## ASSIGNED TASK:
Beginning at the line that includes "Women's Black and White Mandala Tee", print each remaining line of the data word for word. Output nothing else.

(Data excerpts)
===

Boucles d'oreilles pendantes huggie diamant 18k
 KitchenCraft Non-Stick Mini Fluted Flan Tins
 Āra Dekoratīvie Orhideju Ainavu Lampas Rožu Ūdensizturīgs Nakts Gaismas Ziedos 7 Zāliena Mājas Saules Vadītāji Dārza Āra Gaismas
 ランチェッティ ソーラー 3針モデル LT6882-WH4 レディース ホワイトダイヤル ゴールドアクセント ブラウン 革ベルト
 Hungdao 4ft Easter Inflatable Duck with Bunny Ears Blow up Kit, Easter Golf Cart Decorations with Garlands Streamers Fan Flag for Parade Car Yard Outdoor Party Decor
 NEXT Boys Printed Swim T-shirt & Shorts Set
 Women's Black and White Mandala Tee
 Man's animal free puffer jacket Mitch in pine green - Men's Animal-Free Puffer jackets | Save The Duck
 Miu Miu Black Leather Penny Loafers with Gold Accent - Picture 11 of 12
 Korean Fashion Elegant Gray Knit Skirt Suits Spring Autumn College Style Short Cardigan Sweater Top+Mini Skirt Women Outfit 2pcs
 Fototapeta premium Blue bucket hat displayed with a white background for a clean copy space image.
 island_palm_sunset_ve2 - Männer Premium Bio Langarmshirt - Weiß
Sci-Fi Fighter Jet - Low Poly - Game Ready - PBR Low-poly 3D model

===

## TASK ANSWER:
 Women's Black and White Mandala Tee
 Man's animal free puffer jacket Mitch in pine green - Men's Animal-Free Puffer jackets | Save The Duck
 Miu Miu Black Leather Penny Loafers with Gold Accent - Picture 11 of 12
 Korean Fashion Elegant Gray Knit Skirt Suits Spring Autumn College Style Short Cardigan Sweater Top+Mini Skirt Women Outfit 2pcs
 Fototapeta premium Blue bucket hat displayed with a white background for a clean copy space image.
 island_palm_sunset_ve2 - Männer Premium Bio Langarmshirt - Weiß
Sci-Fi Fighter Jet - Low Poly - Game Ready - PBR Low-poly 3D model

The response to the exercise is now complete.